В «малых голландцах» меня привлекают прелесть обыденной жизни, настроение интимности и уюта. В этой на первый взгляд незамысловатой простоте много поэзии и много мудрости. Портреты Франса Хальса или натюрморты Виллема Хеды, достигающего поистине совершенной натуральности, иллюзорности фактуры, в иные моменты необходимы мне в большей степени, чем все новаторы XX века, в том числе и Филонов. Они действуют на меня умиротворяюще, пробуждают во мне, пусть ненадолго, вкус к созерцательности как основе душевного равновесия, основе приятия мира. В моей не очень простой жизни это необходимо. И даже пейзажи Якоба Рейсдаля, такие как «Болото» или «Еврейское кладбище», где на одном из надгробий художник начертал свое имя, сообщают мне, как ни странно, гармонию. Живопись «малых голландцев», каковы бы ни были их сюжеты, всегда излучает внутренний покой и явственно ощутимую, я бы сказал, осязаемую тишину, какое-то тихое свечение духа. Кстати, свои натюрморты они называли stilleven, что означает «тихая жизнь», и это гораздо точнее выражает тот смысл, который они вкладывали в изображение вещей, нежели nature mort, что означает «мертвая натура».
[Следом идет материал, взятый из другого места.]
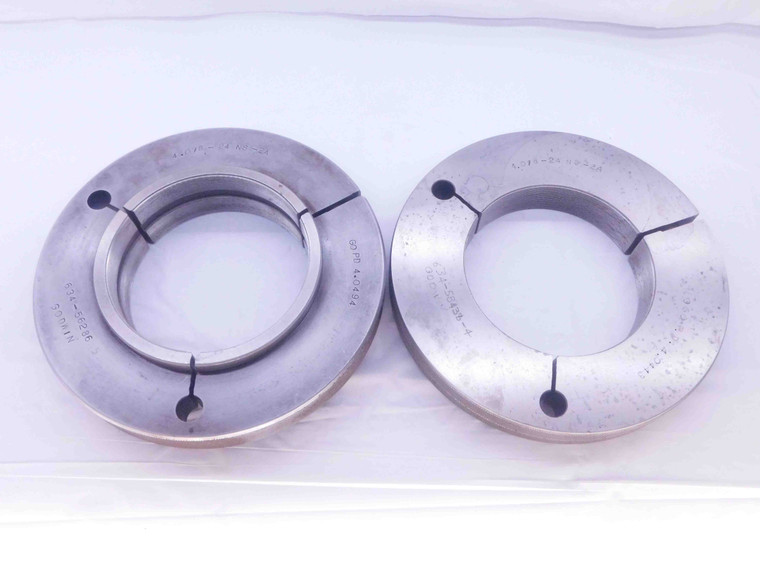 4.078 24 NS 2A THREAD RING GAGES GO NO GO P.D.'S = 4.0494 & 4.0443 UNS-2A 4 5/64 - DW34828BX4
Люблю Валентина Серова. Его творчество для меня неразрывно связано с тем, как мучительно он работал. И может быть, именно этим прежде всего ценно. Он просто не мог работать иначе как стиснув зубы, постоянно воюя с самим собой. Достаточно почитать его письма, чтобы понять, какими колоссальными усилиями воли достигал он легкости, непосредственности, от природы ему несвойственной. В его личности меня всегда поражало это упорство, соединенное со стремлением быть и казаться беззаботным. Последнее, впрочем, почти никогда ему не удавалось. Разве что во время путешествий по Греции или Италии. Путешествий, которые скорее напоминали бегство от собственных замыслов.
Но зачастую я не в состоянии ответить, почему один художник оставляет меня равнодушным, а другой – не перестает волновать. И это не противоречит той заповеди Измайловича, о которой я говорил выше: старайся понять, как сделана вещь.
Можно стараться это понять, можно отдавать себе отчет в том, в какой технике, в какой манере исполнена картина, и, храня объективность, отдавать должное одаренности автора. Но все аргументы будут мертвы, если главным из чувств, которые вызывает в тебе художник, остается лишь чувство почтительности.
В юности, когда все вокруг восхищались скульптурами Родена, умом я понимал: Роден – великий скульптор.
И говорил вместе со всеми: Роден прекрасен! И даже не задумывался о том, что мне-то он, в сущности, мало что дает; как ни силюсь его полюбить, ощущаю в нем какую-то приторность, я бы сказал, чрезмерную увлеченность остановленным мгновением. Именно мгновением, моментом, которому при всей пластической выразительности недостает, на мой взгляд, волнующего драматизма.